Each scene presented its own problems. And the representation of zero gravity, for example, is very different in a close-up than in a wide shot. And the frame rate you shoot in, whether it's 24, 32, or 36, [would affect that]. Sometimes a wide shot with Brad [Pitt] floating would look perfect at 36 frames a second. Other times, doing a different physical act, it would look better at 32. So you have to reinvent the wheel every day you went to the set. It was very unpleasant for me. You're always feeling unsure of yourself, no matter what—unless you're, I don't know, Napoleon or something. But even so, to have that double down where every single creative decision every morning has to be re-determined, that's a very worrying prospect.

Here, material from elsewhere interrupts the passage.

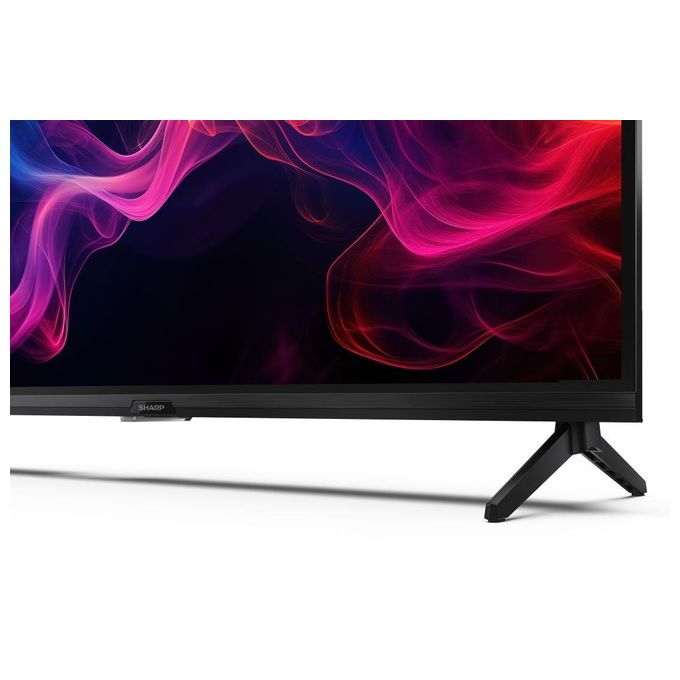 Sharp 32GF2265E Smart TV 32 Pollici HD Ready Display LED Sistema Google TV DVB-T-T2 Frameless colore Nero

The hardest thing for me to pull off was the zero gravity fight with the crew, because you'd shoot the close-ups in a different place than you'd shoot the wides. And you had these actors hanging from wires, and you can only get the exact piece that you needed. So each rig, for example, would have to be engineered for the motion that they do with a wide shot. So the scene that you see, it's almost like it's edited within an inch of its life, because that was as much physical action as we could get from that rig. To shoot it was almost a geometry challenge.

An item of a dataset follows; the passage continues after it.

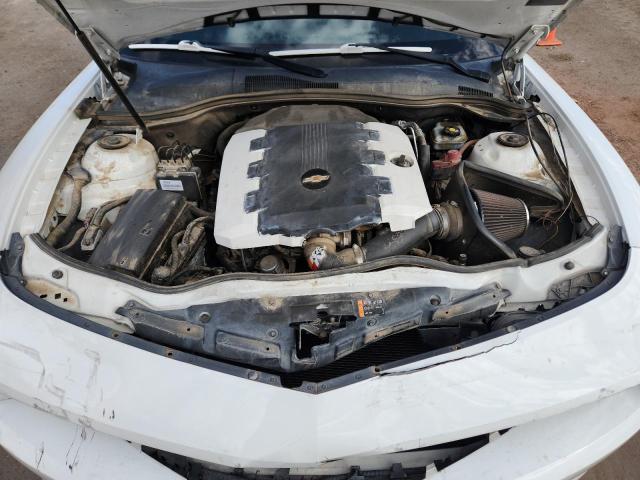 2G1FE1ED9B9201801 - 2011 CHEVROLET CAMARO LS Beyaz fotoğraf 11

6. Space Baboons: Easier Said Than Done!

We shot it in a hangar in Boyle Heights, Los Angeles. And it was a huge, huge space. And there were two sets built for every set that's in the movie: a vertical set and a horizontal set. On the horizontal sets, you would do the close-ups. And on the vertical sets, you would do the wide shots of everyone floating around. The scene [with the baboons] was a very difficult scene for me. I lost track of the screen direction multiple times. If Brad turns this way, and then in the next take, you're going to go with a wide shot, will he be floating to the left and turning to the left, or floating camera right? This became endless.

And then when he confronts the baboon, obviously you can't confront a real baboon. So then you say, “Okay, how do you do that?” And they say, “Well, that's easy. You have all these apes that can be created through CGI—you know, the Planet of the Apes movies—through Weta Digital, a brilliant company down in New Zealand.” But then you realize, no, you can't just do that, because it's a baboon flailing around in zero gravity. So that presents its own set of problems. So then what you need to do is hire an actor who's going to play the baboon to study what zero gravity would do. This stunt woman basically acted the baboon's part, and then they put motion sensors on her and had to computer generate the baboon over the image.

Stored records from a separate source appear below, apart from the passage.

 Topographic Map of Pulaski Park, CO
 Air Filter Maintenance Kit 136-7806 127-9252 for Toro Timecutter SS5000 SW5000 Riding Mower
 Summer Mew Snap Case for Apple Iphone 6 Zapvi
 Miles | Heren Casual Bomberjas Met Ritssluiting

7. How We Captured Roy’s Epic Hurtle Through Space.

We built about 40 feet of an antenna on the stage surrounded by blue screen. All the backgrounds would be replaced. And then we did actual skydives. So we shot an actual guy doing a huge jump, and mounted a camera on him. And he did the jump three times. We got his landing, we got the camera mounts on him, we got the flipping. And we got two guys to do it. One guy was filming the other as he was falling. And then the computer CGI team extended the ladder up and down. So yeah, it became crazy.